Mit der Frage nach der Bedeutung von Waffengräbern befassten sich die vier Vorträge der ersten Sektion. Zunächst stellte BENJAMIN HAMM (Freiburg) sein laufendes Dissertationsprojekt vor, für das er eine Datenbank von etwa 2.000 waffenführenden Gräbern aus der Westhälfte des Römischen Reiches aus der Zeit zwischen 300 und 500 erstellt hat. Diese seien aber nur ein äußerst geringer Anteil der insgesamt aus diesem Zeitraum bekannt gewordenen Gräber (etwa 60.000 bislang dokumentiert). Im Hinblick auf die Frage, wer die mit Waffen bzw. Militaria ausgestatteten Toten gewesen sein könnten, verwies Hamm darauf, dass unterschiedliche Interpretationen möglich seien und dass die Formel „Waffengrab gleich Kriegergrab“ zu kurz greife. Zudem sei im Untersuchungszeitraum ein beständiger Wandel zu beobachten, wie militärische Aspekte in den Bestattungsbräuchen repräsentiert werden konnten. Als eine Tendenz sei immerhin festzustellen, dass in der Zeit um 500, insbesondere in den Grenzräumen des römischen Westreiches, den Bestatteten zunehmend vollständige Waffenensembles beigegeben wurden, um sowohl deren Kriegstüchtigkeit als auch deren Maskulinität hervorzuheben.

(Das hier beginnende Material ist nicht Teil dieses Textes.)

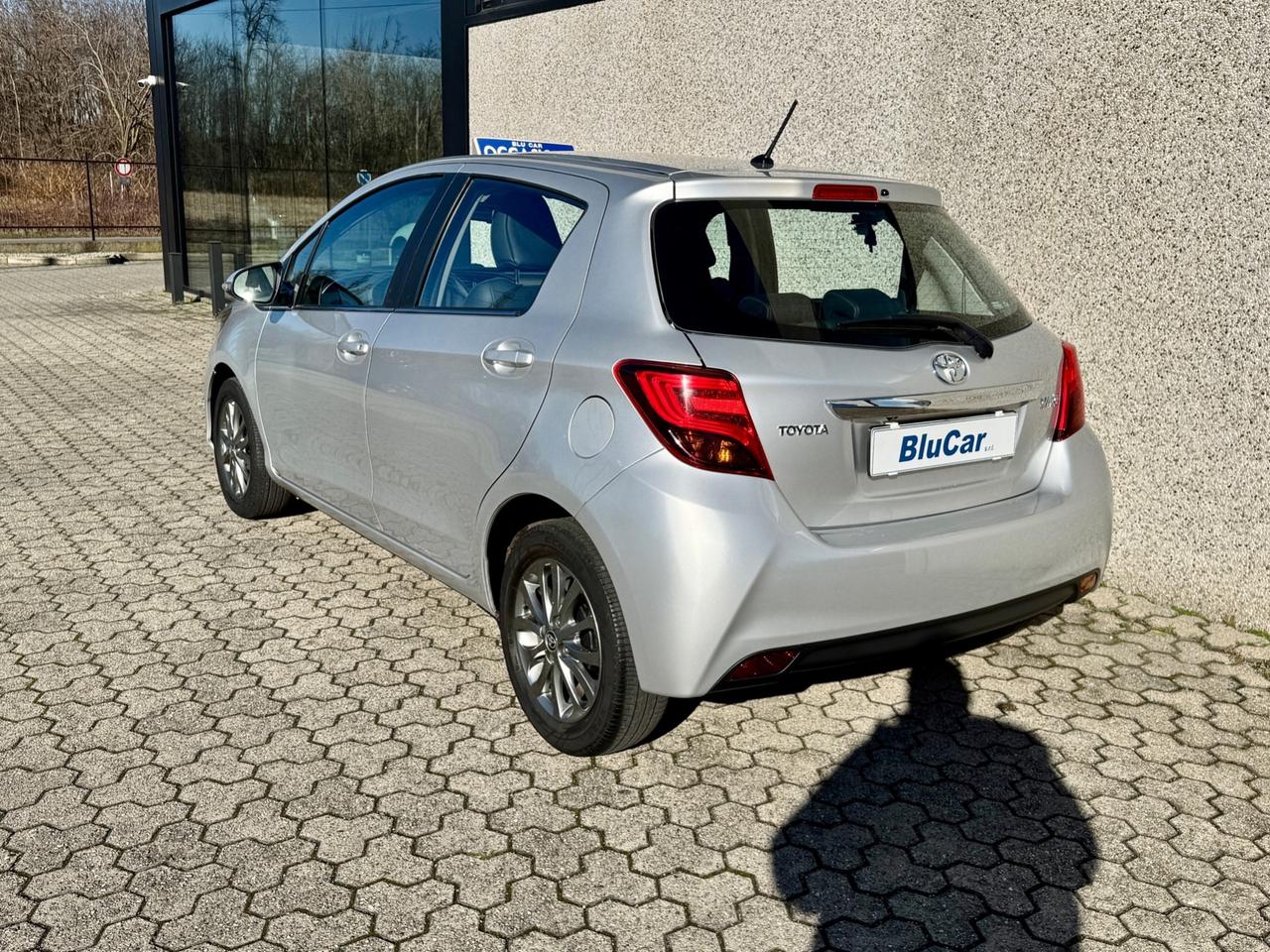 Toyota Yaris 1.3 5 porte Lounge Multidrive S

Auch HUBERT FEHR (Tierhaupten) argumentierte in seinem Vortrag, der sich vor allem auf Befunde des sechsten bis siebten Jahrhunderts konzentrierte, dass nicht jedes mit Waffen ausgestattete Grab zwangsläufig als Kriegergrab angesprochen werden müsse. So gab er zu bedenken, dass diverse Objekte, die als Militaria gedeutet werden (so etwa bestimmte Gürtelschnallen), auch in Frauengräbern vorkommen. Fehr stellte die Befunde verschiedener frühmittelalterlicher Reihengräberfelder im südlichen Zentraleuropa vor und kam zu dem Ergebnis, dass die dort zu beobachtenden Grabsitten stark von einem militärischen Habitus geprägt waren und durchaus mit einer Massenmilitarisierung der jeweiligen Ortsbevölkerung erklärt werden können. Diese habe mitunter erhebliche Ressourcen aufgewandt, den militärischen Habitus im Bestattungsritual hervorzuheben.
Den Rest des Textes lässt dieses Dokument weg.